Ça m'arrive aussi quand je suis épuisée, tout d'abord je deviens soupçonneuse à un tel degré que j'en suis moi-même surprise, je me dis par exemple, ce styliste qui me regarde avec insistance, c'est peut-être quelqu'un qui ne m'aime pas qui l'a envoyé près de moi pour me faire tomber dans un piège d'une façon ou d'une autre, et ce soupçon se renforce de plus en plus, devient une espèce de bloc de paranoïa à l'intérieur de moi, qui se fixe, comme une cristallisation de la réalité et, dans ces moments-là, si le styliste mourait la gorge tranchée sous mes yeux, ça me ferait plaisir, mais évidemment je sais que ce n'est pas bien d'avoir des pensées comme celle-là, parce que mon désir de le voir mourir a un sens.

Dans le monde derrière mes oreilles, les habitants de la triste station balnéaire vivent de façon aussi honnête et frugale que je peux l'imaginer, et je pensais qu'ils me donnaient une certaine modération, qu'ils m'aidaient à ne pas me réjouir à l'idée de voir ce styliste mourir égorgé sous mes yeux, mais c'est tellement ennuyeux.

— Ah bon ? Mais en fait, c'est vrai, cette fois, je n'ai pas emporté mon appareil photo, je te prendrai en photo à mon retour au Japon, il faudrait trouver une occasion pour ça, en fait, il vaudrait mieux que je te photographie en cours de travail, tu n'as pas un tournage en vue ?

Le mal m'attire, mais quand j'y suis mêlée, tout prend un sens.

— Si, je dois jouer dans un film en cours d'année, un rôle principal cette fois, le tournage aura lieu à Kanazawa.

Ce que je cherchais, c'était un mal gratuit, dépourvu du moindre sens, je me disais, quand je l'aurais trouvé, un héros naîtra dans le monde au fond de ma tête, et moi, je deviendrai cent mille fois plus belle que maintenant.

J'ai cherché ce héros pendant vingt-quatre ans.

Et je l'ai enfin trouvé.

— Bon, alors je te photographierai à ce moment-là, mais dis-moi, pourquoi m'avoir choisi moi ?

J'aime tes photos d'officiers sud-viêtnamiens tenant à bout de bras des chairs déchiquetées.

— Parce que j'aime bien vos photos.

Celle où l'on voit un officier sud-viêtnamien qui rit en tenant par les cheveux le cadavre d'un Viêt-cong au corps déchiqueté par une bombe à partir de la poitrine.

— Ça me fait plaisir que tu me dises ça, j'essaie de réaliser mes portraits de la façon la plus orthodoxe possible.

Cet officier, pour moi, il représentait le mal gratuit, ce cadavre déchiqueté au-dessous de la poitrine, on aurait dit un écureuil ou un lapin en peluche, c'était mignon comme tout.
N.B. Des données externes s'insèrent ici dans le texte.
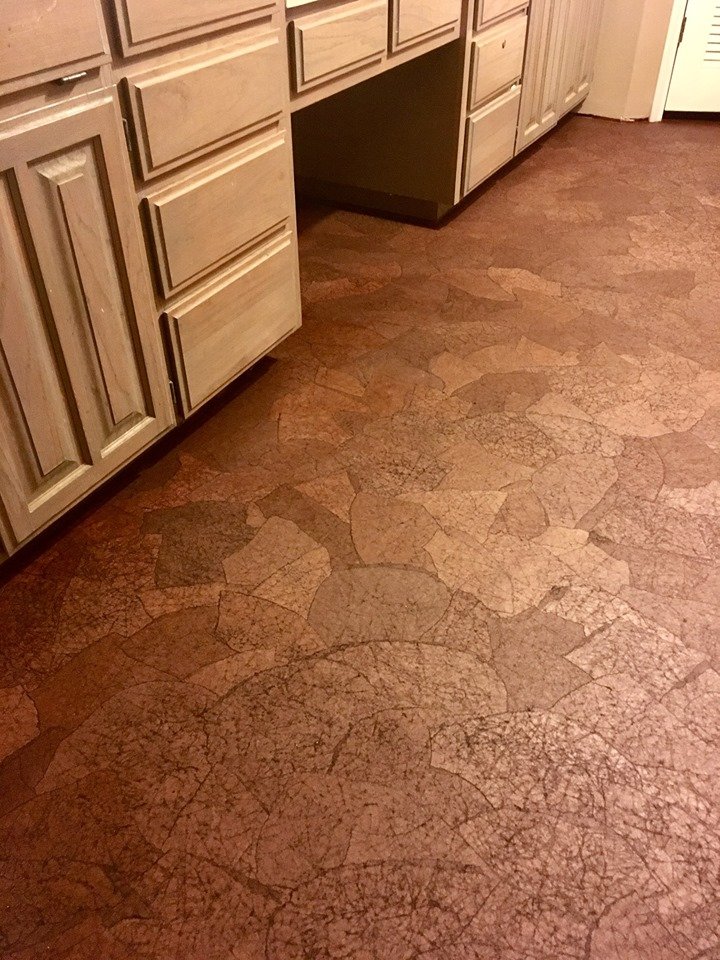 Simple Materials For A Sustainable Solution Paper Floors Part 4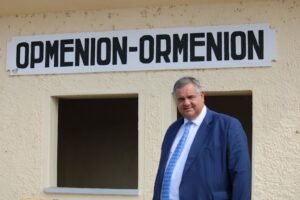 Βασίλης Σπανάκης: «Η καρδιά της Ελλάδας χτυπάει παντού»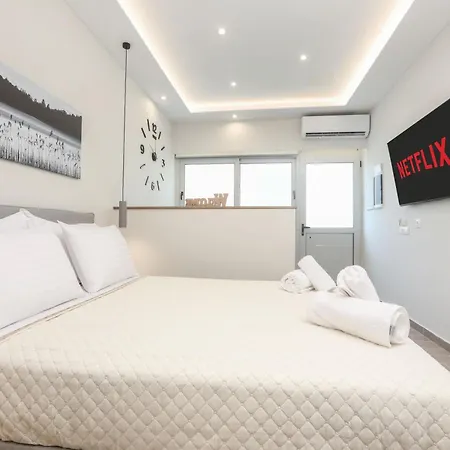 Borgo Eleganza Suite, Corfu Town *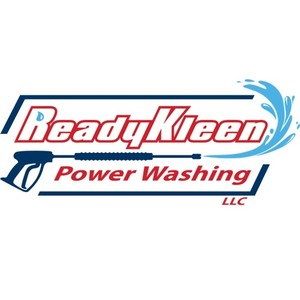 ReadyKleen Power Washing Logo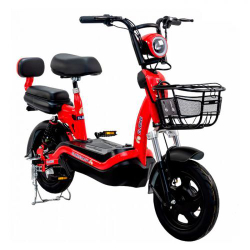 Электровелосипед Elbike Dacha mini А20 (600W 48V 20Ah)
— En fait, je pense que c'est ça la base de la photo.

Le Viêt-cong en peluche et l'officier sud-viêtnamien qui le tient en souriant d'un air béat sont devenus des habitants de ma station balnéaire.

Quelque chose comme des citoyens d'honneur.

— J'essaie de penser qu'il n'y a personne derrière l'objectif, comment dire, j'essaie de ne plus avoir conscience d'être en train de prendre une photo. En fait, tu sais, je n'aime pas trop en parler, mais j'étais au Viêtnam.

Ça va, je suis au courant.

— Peut-être que ta génération n'a jamais entendu parler de ça, mais il y a eu ce qu'on appelle la guerre du Viêtnam, et j'y étais.

Ta vie se résume à ça.

— Et je crois que cette expérience a beaucoup d'influence sur les photos que je prends maintenant.

Les photos que tu prends maintenant, on dirait de la merde étalée sur du papier photographique.

— Je commence à être tout content à l'idée de faire ton portrait, tu sais.

Mais attention, il faut que les photos soient réussies.